[[ RECORDS FOR PROCESSING open ]]

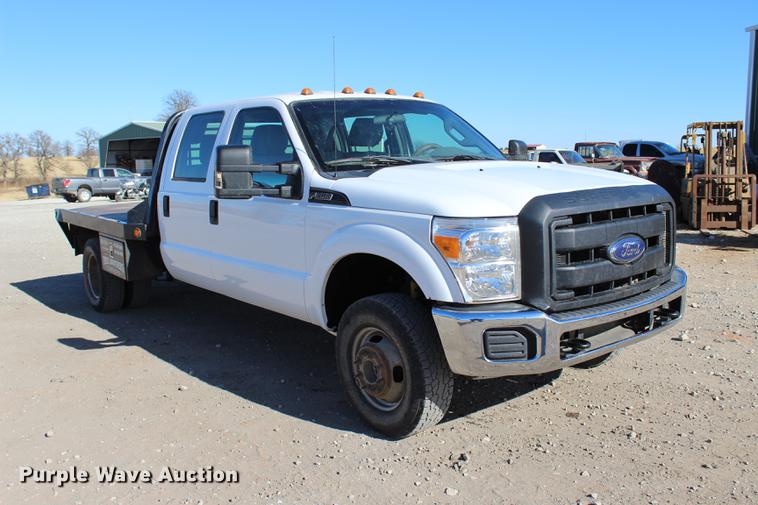image for item BE9378 2013 Ford F350 Super Duty XL Crew Cab flatbed pickup truck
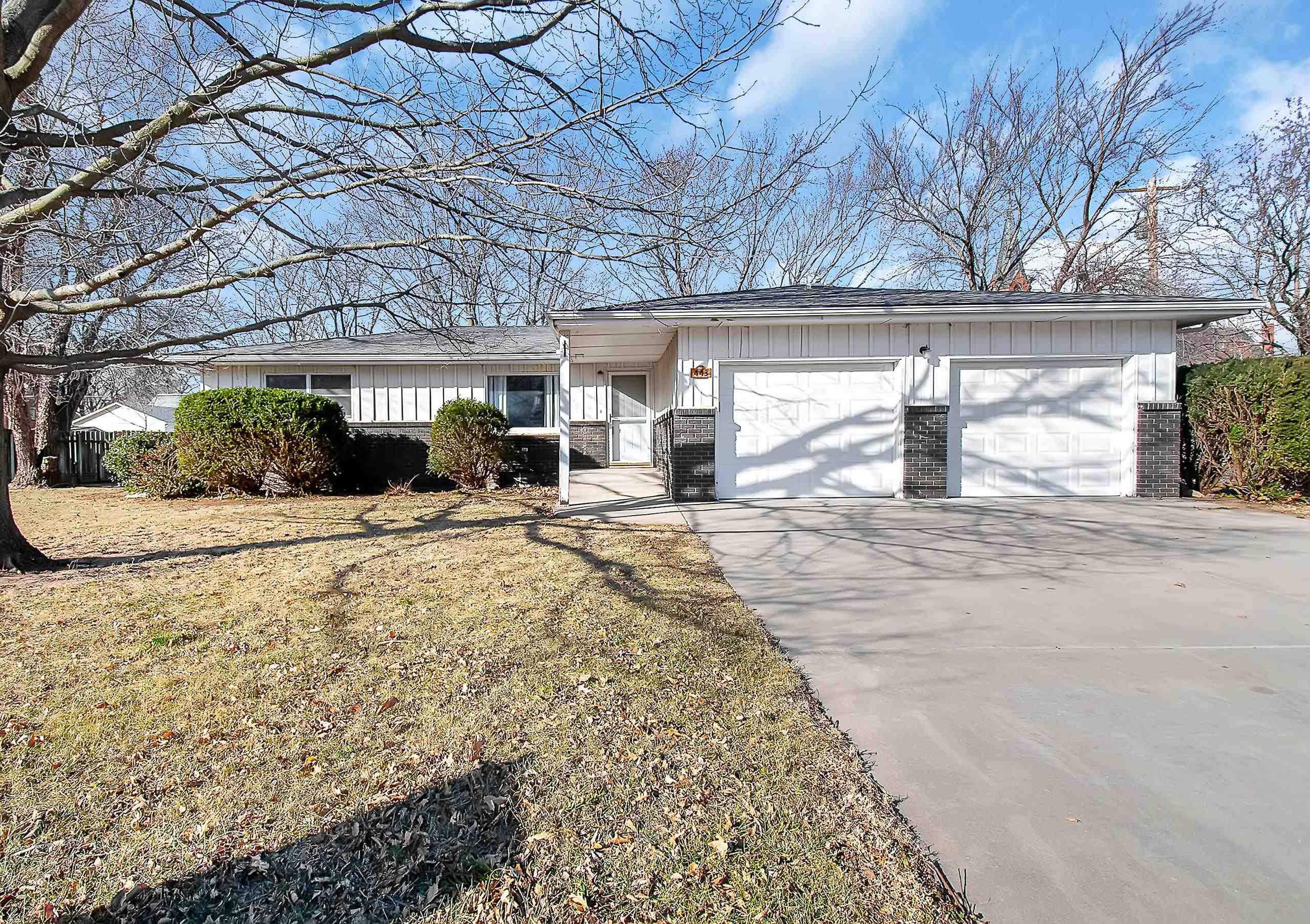 Spacious and move-in ready 4 BR, 1.75 bath home on a large fenced corner lot in Andale! New carpet a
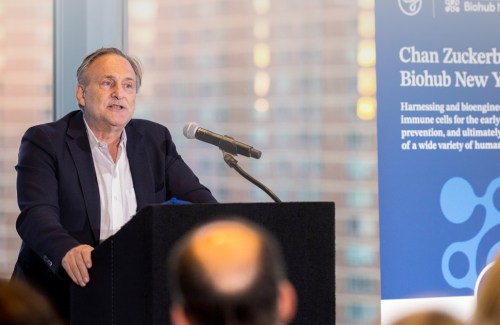 Andrea Califano, president of CZ Biohub NY stands at a podium.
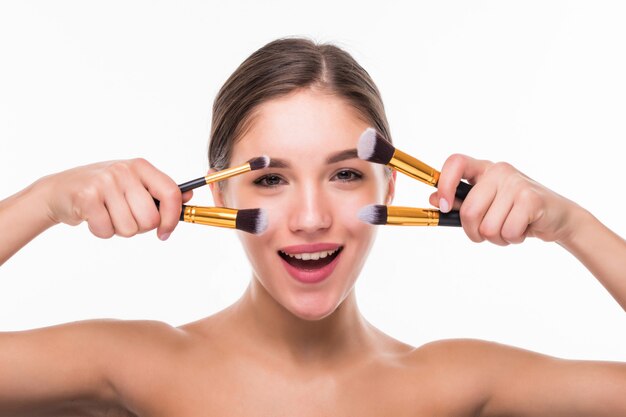 Portrait de la belle femme avec des pinceaux à maquillage près de visage attrayant sur mur blanc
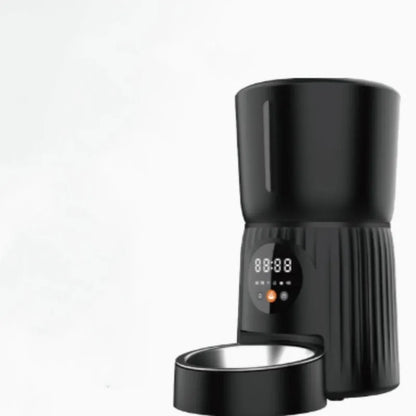 Black intelligent pet feeder with transparent food container showing kibble, digital display, and USB power cable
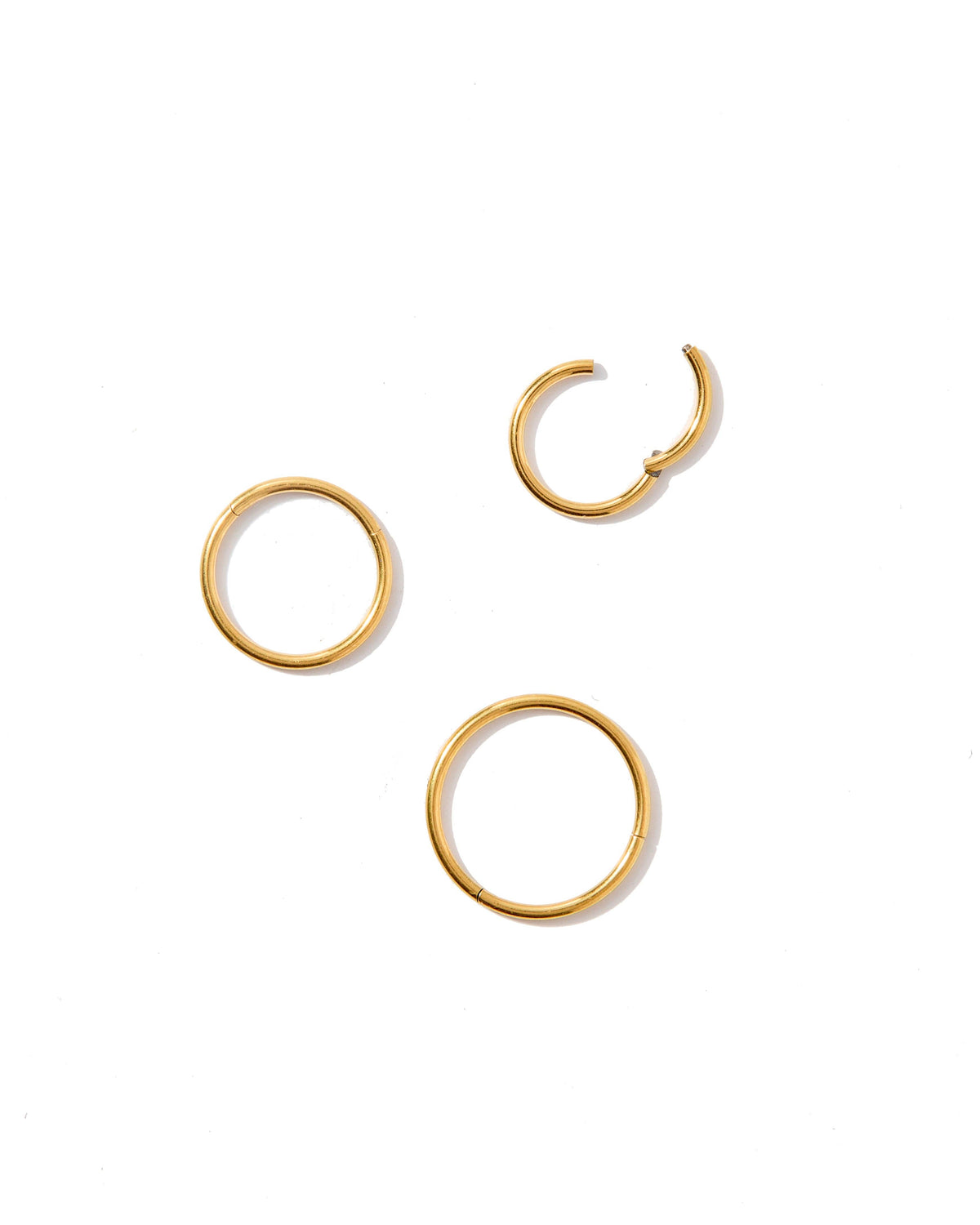 Three gold hoop earrings on a white background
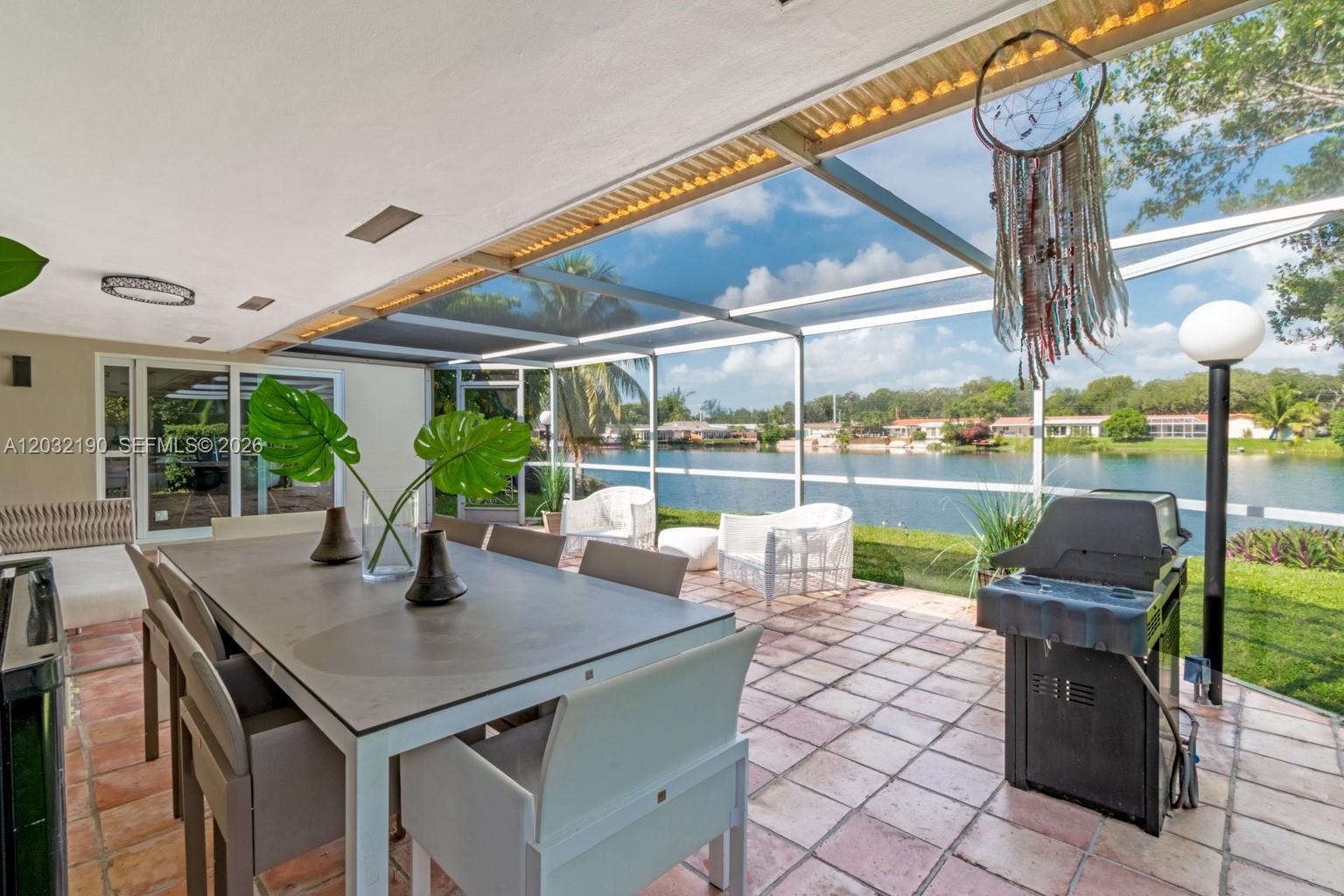 A covered patio with a dining set, grill, and screen enclosure overlooking a lake — 19950 NE 24th Ave # 1, Miami FL 33180, MIAMI, FL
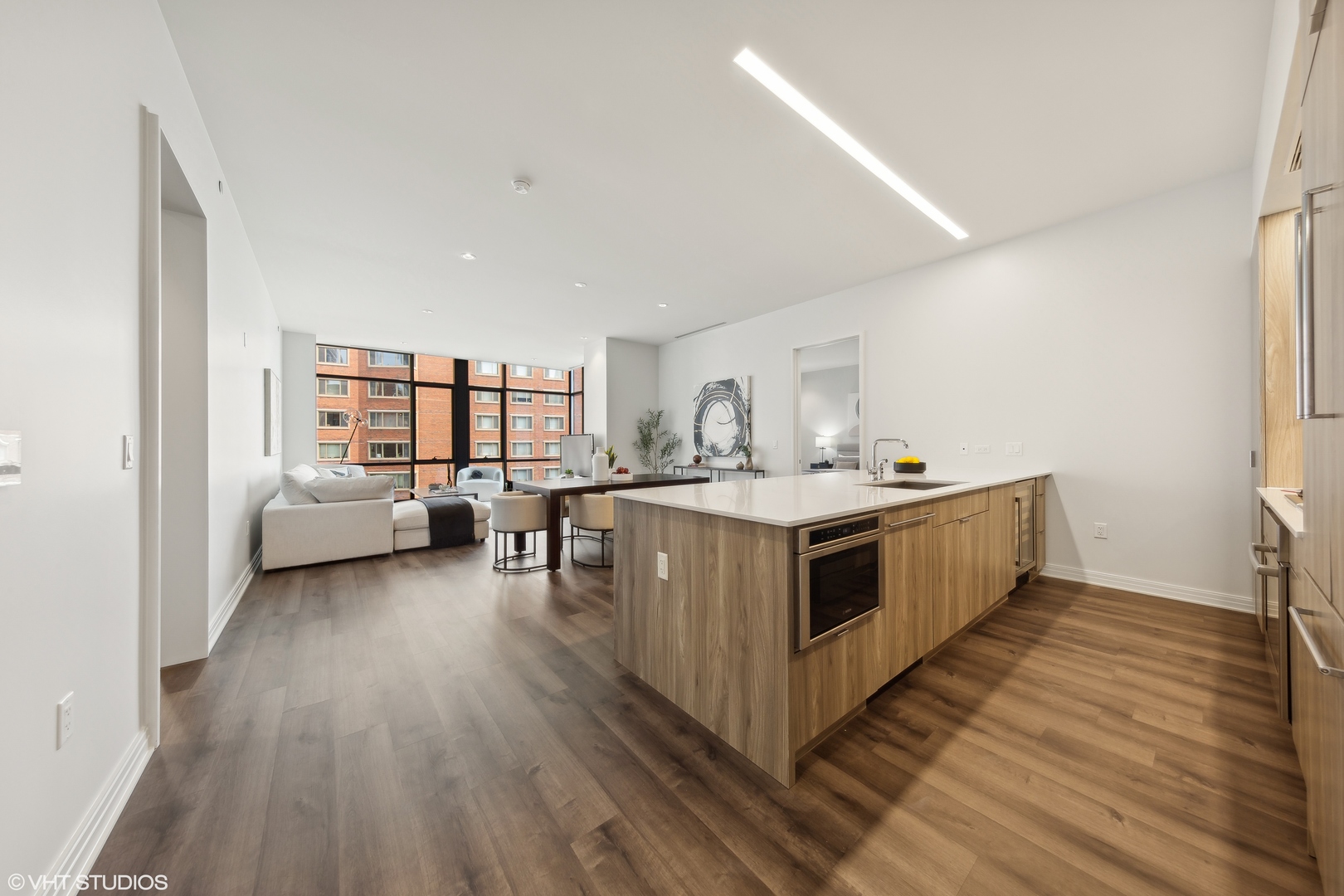 61 East Banks Street, Unit 802 Chicago, IL 60610 - Photo 2 of 23 a kitchen with stainless steel appliances a white stove top oven a sink and dishwasher with wooden floor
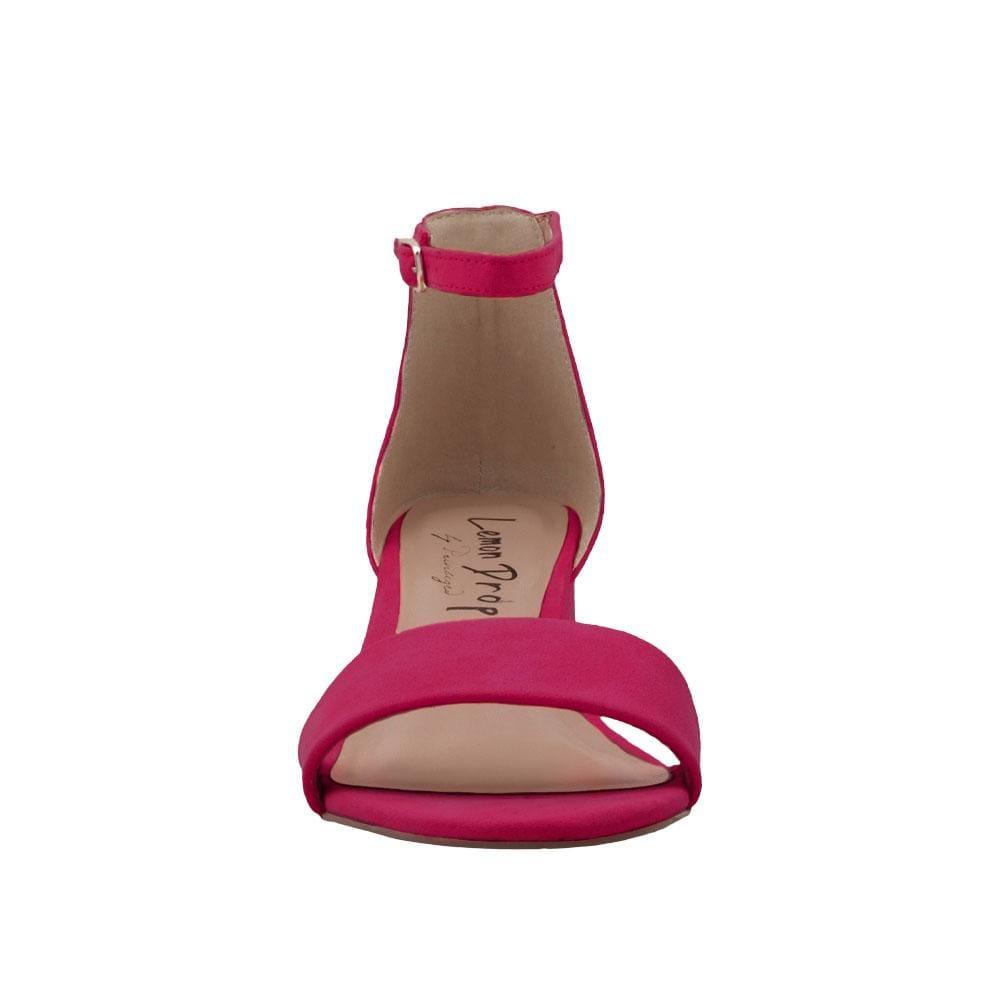 Fuchsia-colored heel flats with a buckle ankle closure and a strapped open toe-front view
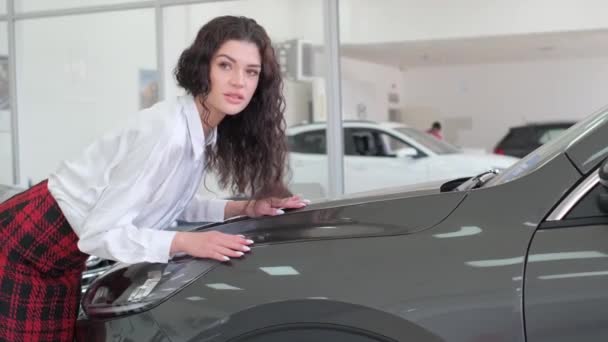 Привлекательная темноволосая женщина позирует перед камерой возле нового автомобиля, опираясь на капот автомобиля. Видеосъемка брюнетки с красивыми волосами - Кадры, видео
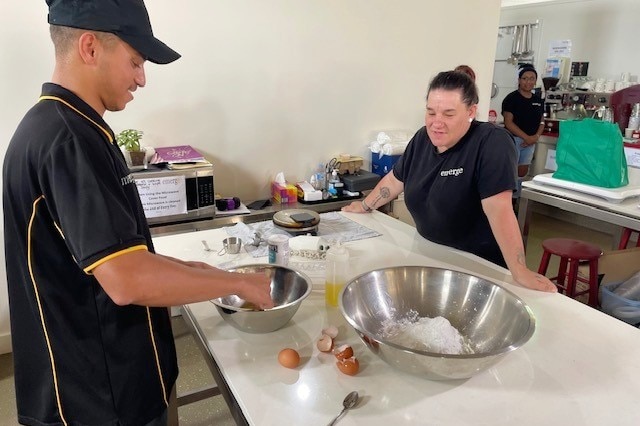 A boy cracks eggs while speaking to a woman in a kitchen.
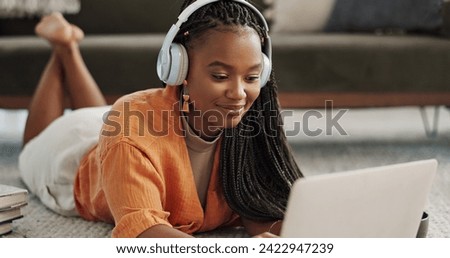 Home, smile and black woman with a headphones, streaming music or sound in a living room. African person on a sofa, apartment or girl with headset, listening to audio or relax with happiness or song
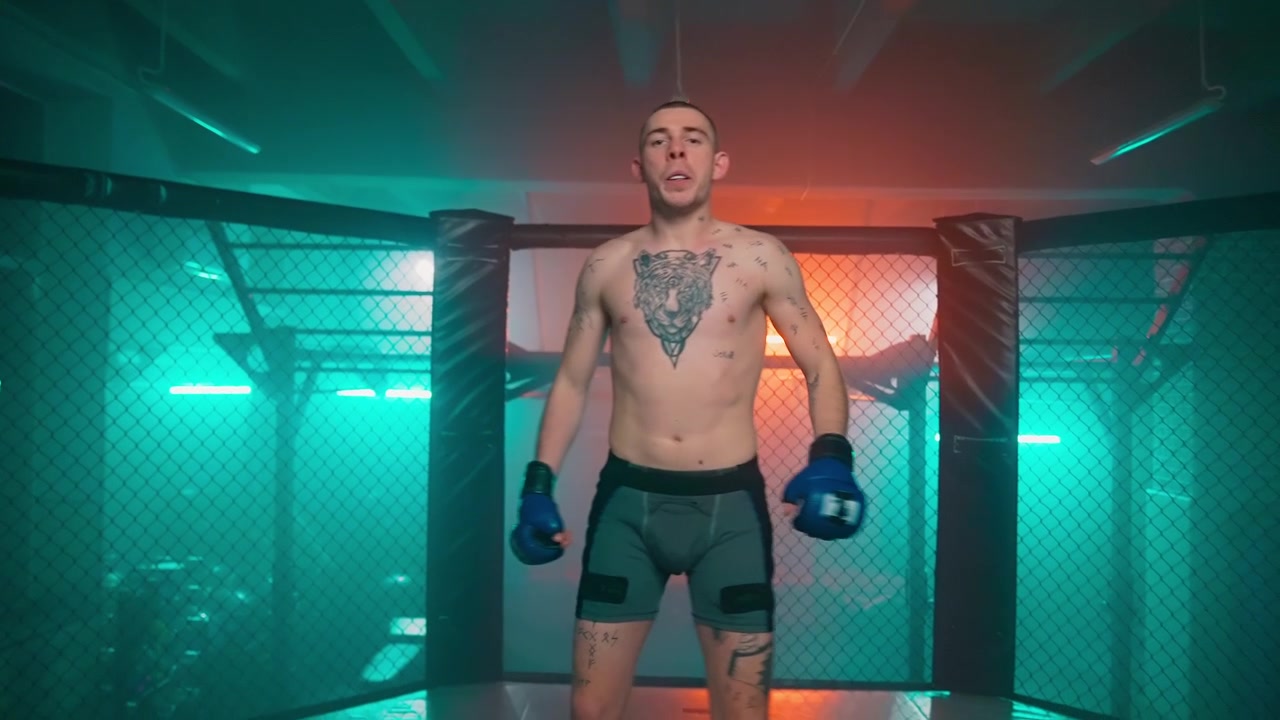 Beslutsom MMA-kæmper træner i et røgfyldt bur med dramatisk belysning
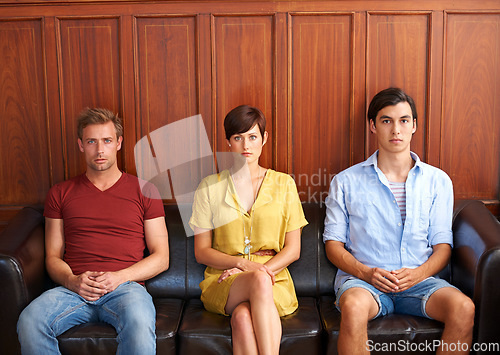 Image of Portrait, recruitment and bored people waiting on a sofa in an office for a human resources interview. Business, hiring and job opportunity with an impatient candidate group in a workplace lobby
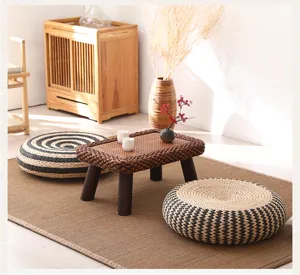 Detail shot of Japanese straw woven floor cushion and tatami decor scene in warm natural light.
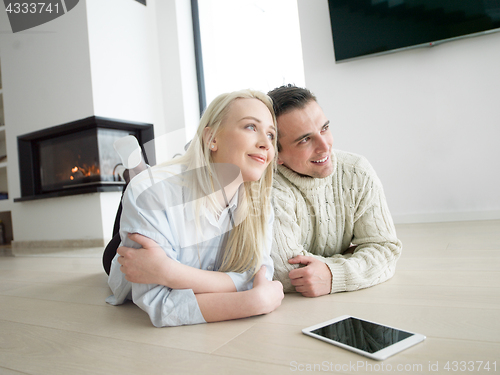 Image of Young Couple using digital tablet on cold winter day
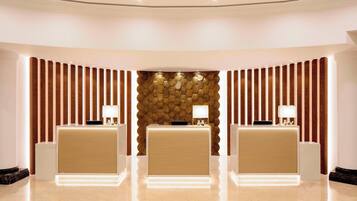 A reception area with three reception desks, a stone wall, and wooden paneling.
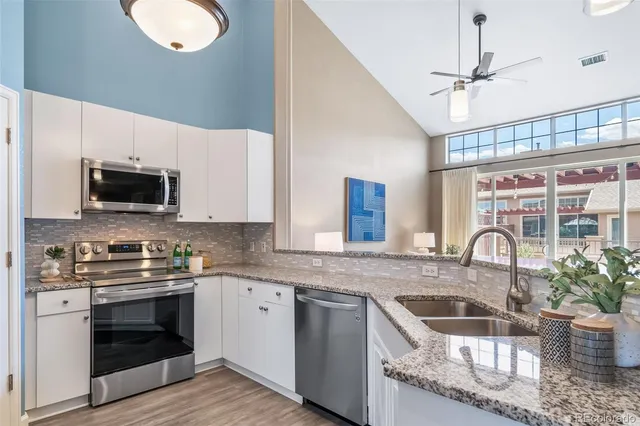a kitchen with granite countertop a stove a sink and a microwave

[[ RECORDS FOR PROCESSING closed ]]

**WORK REQUIRED**. With the pictures removed, print the entries above exactly.

**TASK OUTPUT**.
image for item BE9378 2013 Ford F350 Super Duty XL Crew Cab flatbed pickup truck
 Spacious and move-in ready 4 BR, 1.75 bath home on a large fenced corner lot in Andale! New carpet a
 Andrea Califano, president of CZ Biohub NY stands at a podium.
 Portrait de la belle femme avec des pinceaux à maquillage près de visage attrayant sur mur blanc
 Black intelligent pet feeder with transparent food container showing kibble, digital display, and USB power cable
 Three gold hoop earrings on a white background
 A covered patio with a dining set, grill, and screen enclosure overlooking a lake — 19950 NE 24th Ave # 1, Miami FL 33180, MIAMI, FL
 61 East Banks Street, Unit 802 Chicago, IL 60610 - Photo 2 of 23 a kitchen with stainless steel appliances a white stove top oven a sink and dishwasher with wooden floor
 Fuchsia-colored heel flats with a buckle ankle closure and a strapped open toe-front view
 Привлекательная темноволосая женщина позирует перед камерой возле нового автомобиля, опираясь на капот автомобиля. Видеосъемка брюнетки с красивыми волосами - Кадры, видео
 A boy cracks eggs while speaking to a woman in a kitchen.
 Home, smile and black woman with a headphones, streaming music or sound in a living room. African person on a sofa, apartment or girl with headset, listening to audio or relax with happiness or song
 Beslutsom MMA-kæmper træner i et røgfyldt bur med dramatisk belysning
 Image of Portrait, recruitment and bored people waiting on a sofa in an office for a human resources interview. Business, hiring and job opportunity with an impatient candidate group in a workplace lobby
 Detail shot of Japanese straw woven floor cushion and tatami decor scene in warm natural light.
 Image of Young Couple using digital tablet on cold winter day
 A reception area with three reception desks, a stone wall, and wooden paneling.
a kitchen with granite countertop a stove a sink and a microwave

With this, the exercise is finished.